- TO DO
With the images omitted, return all of the entries exactly as they stand.

- DATA PROVIDED
-- Opening Marker --

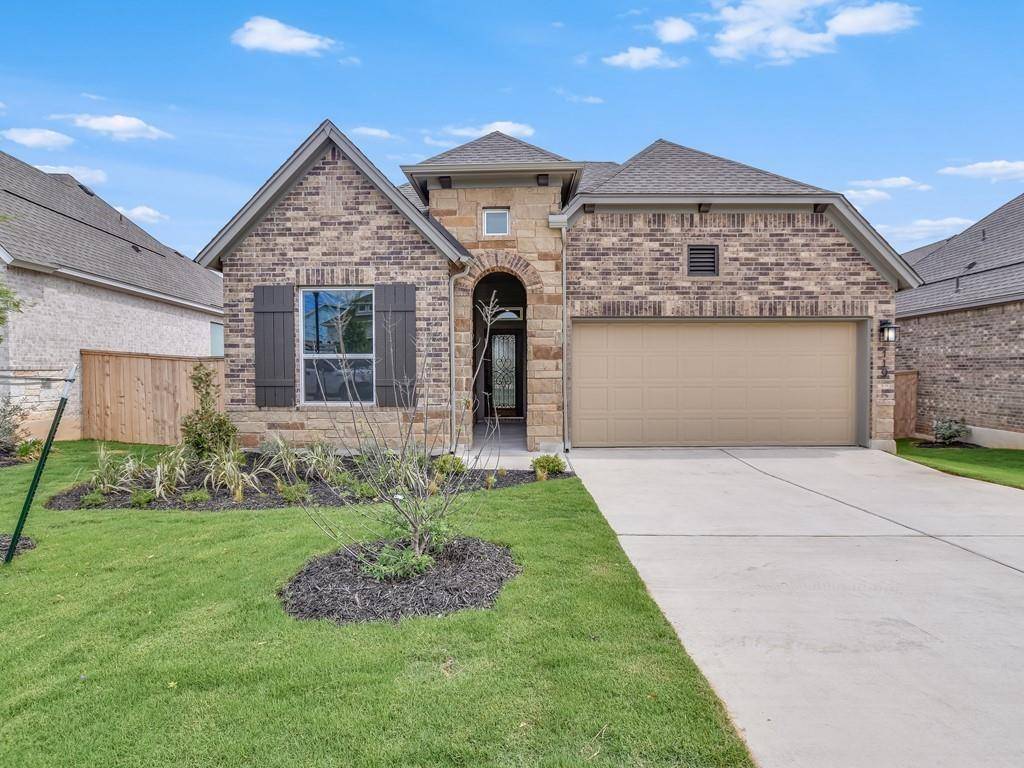 119 Cibolo Creek LOOP, Bastrop, TX 78602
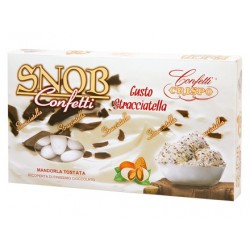 Crispo Snob Confetti...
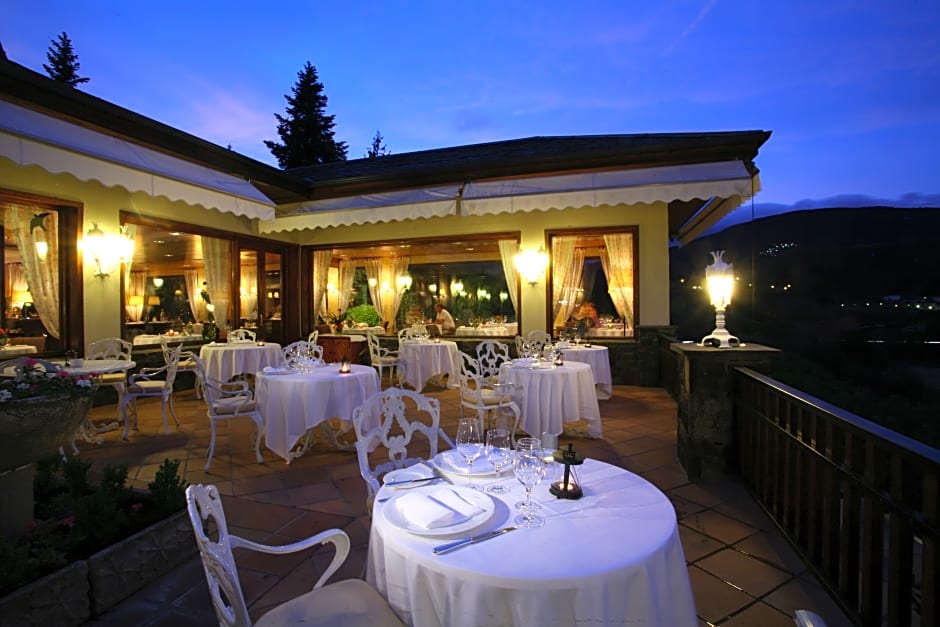 El Castell de Ciutat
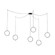 Marquee Canopy in Black (347|CNM13ACBK)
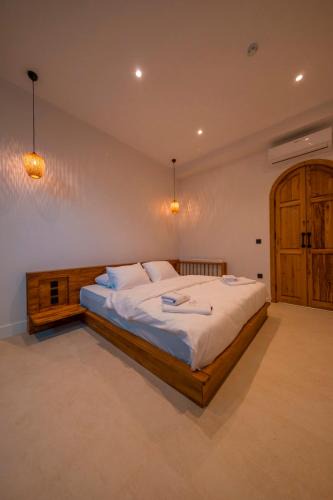 Yanik Bed & Breakfast | Gigi Village Sapanca
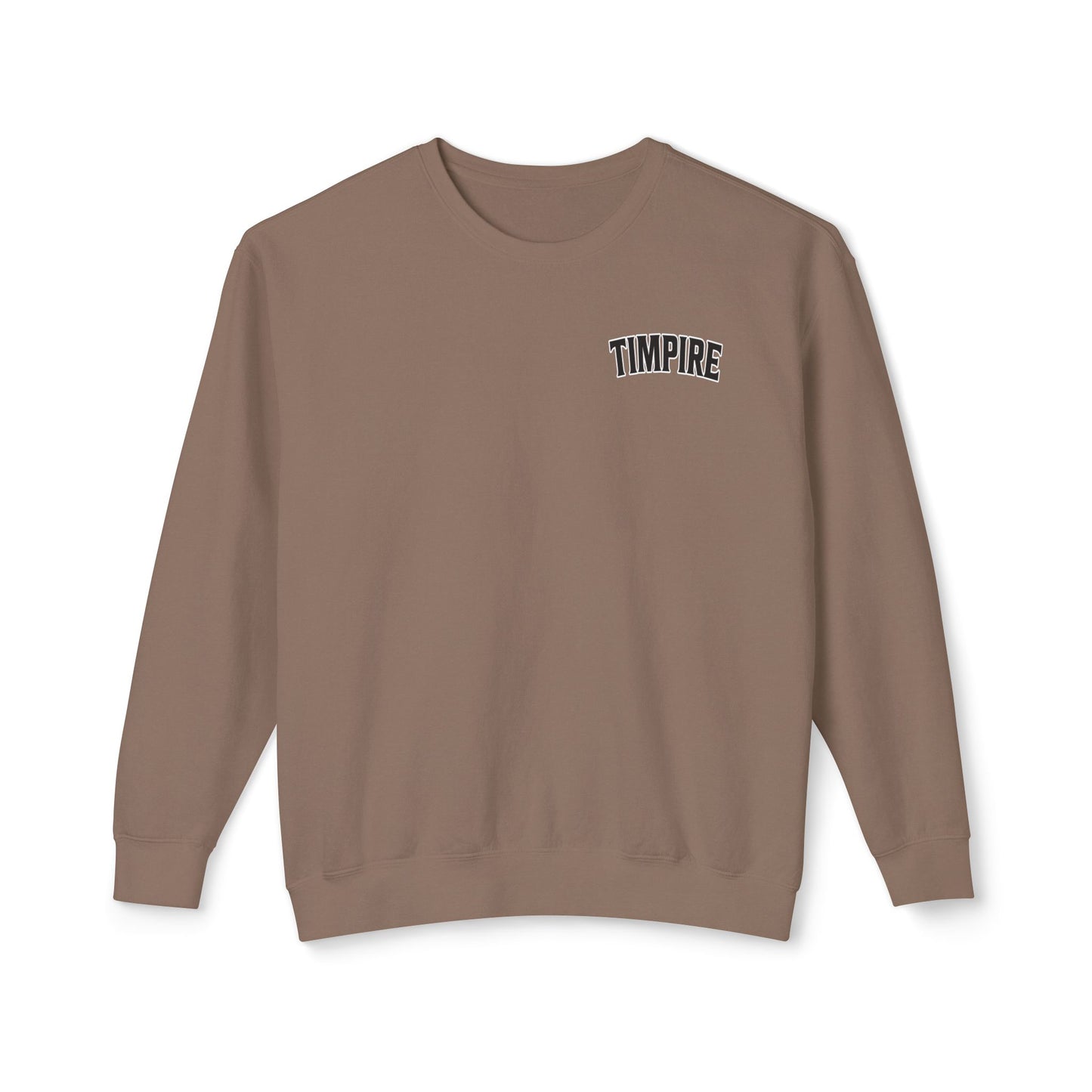 TIMPIRE Crew Necks M/W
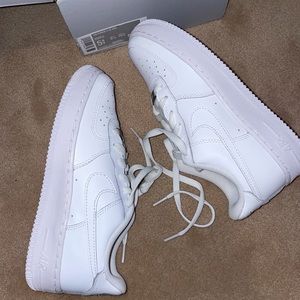 Brand new Nike Air Force 1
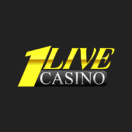 €100 Cashback Bonus at 1 Live Casino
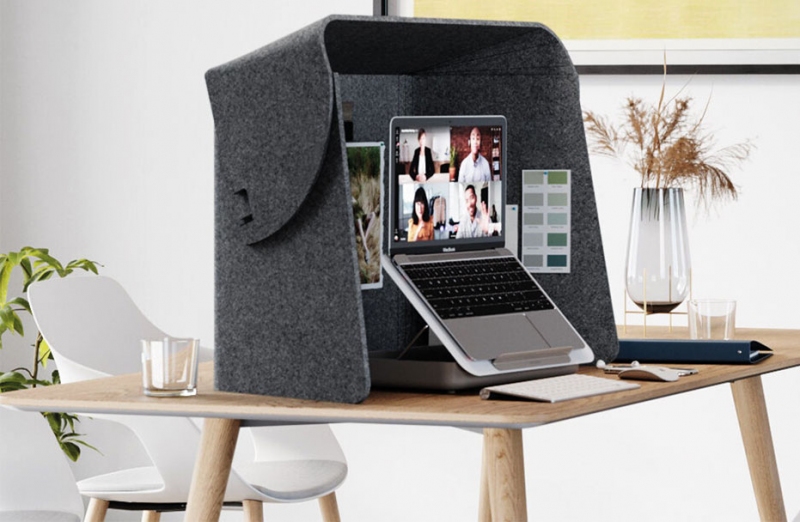 Sistema pieghevole Fold Up Workspace 420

-- Closing Marker --

- ANSWER FOR THE TASK
 119 Cibolo Creek LOOP, Bastrop, TX 78602
 Crispo Snob Confetti...
 El Castell de Ciutat
 Marquee Canopy in Black (347|CNM13ACBK)
 Yanik Bed & Breakfast | Gigi Village Sapanca
 TIMPIRE Crew Necks M/W
 Brand new Nike Air Force 1
 €100 Cashback Bonus at 1 Live Casino
 Sistema pieghevole Fold Up Workspace 420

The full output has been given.